• **Task directions**
Only one stretch of the data below is needed. Output the lines from the one with "Tibi Hugh Suede Sandals - Brown" up to and including the one with "Firefighting Electric Train", exactly as they stand.

• **Available data**
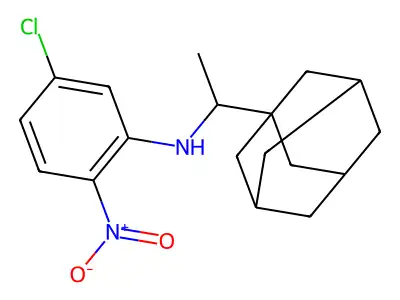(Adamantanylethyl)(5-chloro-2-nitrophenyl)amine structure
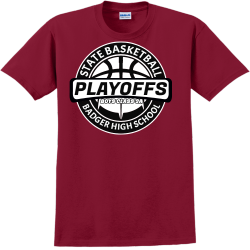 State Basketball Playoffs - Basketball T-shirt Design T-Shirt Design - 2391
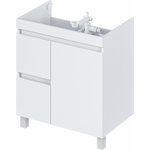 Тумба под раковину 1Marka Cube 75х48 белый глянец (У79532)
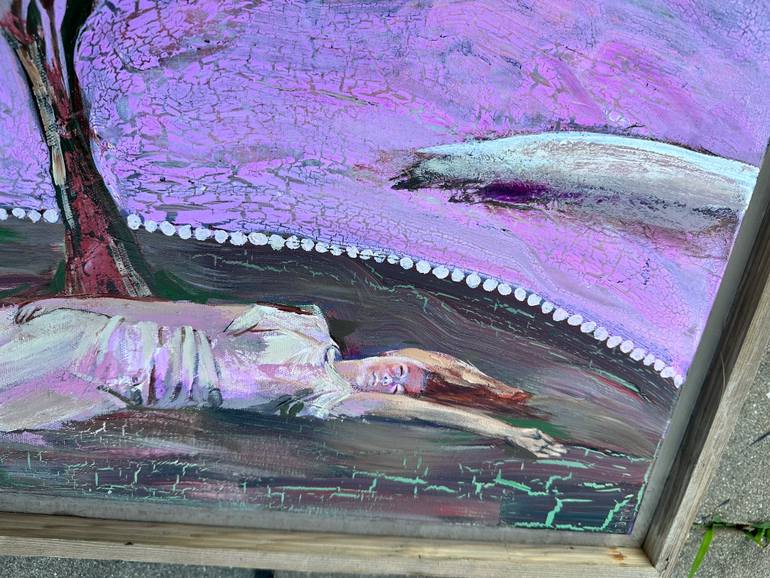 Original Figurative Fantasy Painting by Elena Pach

--

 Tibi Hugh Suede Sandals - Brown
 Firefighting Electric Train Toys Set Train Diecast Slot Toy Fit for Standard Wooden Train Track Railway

* * *

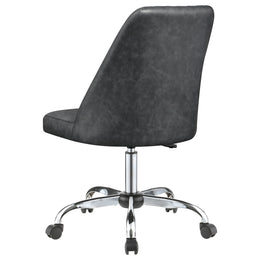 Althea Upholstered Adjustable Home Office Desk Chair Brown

• **Response box**
 Tibi Hugh Suede Sandals - Brown
 Firefighting Electric Train Toys Set Train Diecast Slot Toy Fit for Standard Wooden Train Track Railway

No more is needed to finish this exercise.